Trademark Battles Rage Over Everlon

The Everlon Diamond Knot made noise—as well as sales—after it was introduced by De Beers last summer. But it’s also providing a nice income for copyright and trademark lawyers.

Everlon is different from past De Beers–advertised products, because it’s meant to be a proprietary product sold exclusively by De Beers’ retailer and manufacturer partners. And from the beginning, De Beers has indicated it would zealously protect Everlon’s intellectual property rights.

“There have been a number of companies who have been brought to our attention as potential infringers of our Everlon IP, and we are dealing with them on a case by case basis to protect our sightholders and their retailers,” says spokeswoman Lynette Gould. “De Beers has filed for various U.S. copyright registrations in the Everlon collection and has applied for U.S. design patents for various pieces of the Everlon collection. Several of the design patents have been allowed and registered and the others will issue in the near future.”

Industry trademark attorney Peter Berger said several of his clients already have received letters about Everlon. Yet, like others, he argues that De Beers is not the first company to use designs inspired by the Hercules knot. “A lot of people claim the ring design has been around a long time,” he says.

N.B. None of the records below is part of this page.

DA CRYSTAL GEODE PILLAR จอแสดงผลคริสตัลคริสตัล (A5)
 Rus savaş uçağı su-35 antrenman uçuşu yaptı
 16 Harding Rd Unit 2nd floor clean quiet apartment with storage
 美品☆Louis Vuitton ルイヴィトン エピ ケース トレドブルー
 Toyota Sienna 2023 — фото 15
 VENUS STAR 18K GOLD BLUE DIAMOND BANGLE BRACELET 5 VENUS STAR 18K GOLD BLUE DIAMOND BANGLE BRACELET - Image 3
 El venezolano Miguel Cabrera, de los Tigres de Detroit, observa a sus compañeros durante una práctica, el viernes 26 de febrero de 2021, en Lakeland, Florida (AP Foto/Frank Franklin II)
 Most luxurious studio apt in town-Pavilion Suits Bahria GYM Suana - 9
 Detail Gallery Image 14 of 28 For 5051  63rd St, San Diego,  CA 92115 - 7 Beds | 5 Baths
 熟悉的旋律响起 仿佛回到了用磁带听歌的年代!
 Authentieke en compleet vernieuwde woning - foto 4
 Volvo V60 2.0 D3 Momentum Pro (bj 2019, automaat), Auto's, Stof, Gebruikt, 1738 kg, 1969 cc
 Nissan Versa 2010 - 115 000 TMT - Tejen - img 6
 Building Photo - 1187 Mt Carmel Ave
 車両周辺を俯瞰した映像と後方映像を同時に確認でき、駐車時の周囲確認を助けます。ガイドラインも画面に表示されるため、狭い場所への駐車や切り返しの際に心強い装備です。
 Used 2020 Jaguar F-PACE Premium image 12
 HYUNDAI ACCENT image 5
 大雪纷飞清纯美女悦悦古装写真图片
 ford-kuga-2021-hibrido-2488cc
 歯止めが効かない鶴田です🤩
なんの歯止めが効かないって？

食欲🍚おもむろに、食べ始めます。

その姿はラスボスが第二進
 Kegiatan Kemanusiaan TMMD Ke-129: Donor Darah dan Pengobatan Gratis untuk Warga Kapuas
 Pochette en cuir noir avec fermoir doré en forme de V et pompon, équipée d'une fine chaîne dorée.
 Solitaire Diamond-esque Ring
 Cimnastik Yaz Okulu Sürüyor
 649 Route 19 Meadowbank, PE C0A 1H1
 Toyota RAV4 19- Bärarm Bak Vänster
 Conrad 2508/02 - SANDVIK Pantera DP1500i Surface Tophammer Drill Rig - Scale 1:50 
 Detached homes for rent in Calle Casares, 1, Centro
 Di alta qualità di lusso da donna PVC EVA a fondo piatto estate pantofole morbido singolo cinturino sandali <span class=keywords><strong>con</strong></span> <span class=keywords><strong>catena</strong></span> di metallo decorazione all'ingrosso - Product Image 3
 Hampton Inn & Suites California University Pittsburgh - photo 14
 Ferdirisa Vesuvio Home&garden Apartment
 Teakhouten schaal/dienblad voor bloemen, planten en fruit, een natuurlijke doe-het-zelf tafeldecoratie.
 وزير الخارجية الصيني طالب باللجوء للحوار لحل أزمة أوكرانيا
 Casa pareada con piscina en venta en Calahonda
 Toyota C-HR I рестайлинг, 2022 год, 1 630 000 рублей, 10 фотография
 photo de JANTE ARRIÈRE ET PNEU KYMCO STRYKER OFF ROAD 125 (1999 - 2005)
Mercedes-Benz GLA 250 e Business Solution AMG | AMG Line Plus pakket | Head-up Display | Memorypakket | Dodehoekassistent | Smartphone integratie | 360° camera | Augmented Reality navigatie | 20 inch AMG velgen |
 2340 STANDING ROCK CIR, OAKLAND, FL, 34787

In fact, De Beers is not only threatening to file lawsuits over Everlon but also has found itself on the wrong end of one. In December, Orogem, Burbank, Calif., launched a lawsuit claiming Everlon infringes on its copyrighted Larkhead Pendant designs. Also named in the suit were four companies manufacturing Everlon—Rosy Blue, Stuckey Diamonds, Universal Pacific Diamonds and Jewelry, and JB-DM Jewelry—as well as retailers J.C. Penney, Macy’s, Zale Corp., Wal-Mart, Helzberg Diamonds, Ben Bridge Jewelers, Samuels Jewelers, and Fred Meyer Jewelers.

De Beers had not responded to the suit at press time. Orogem declined comment.

All this may make it more difficult for De Beers to clamp down on manufacturers with similar designs. “As far as I know, De Beers has started no lawsuits,” says Berger. “And until there is successful legal action, some companies will probably continue to sell it.”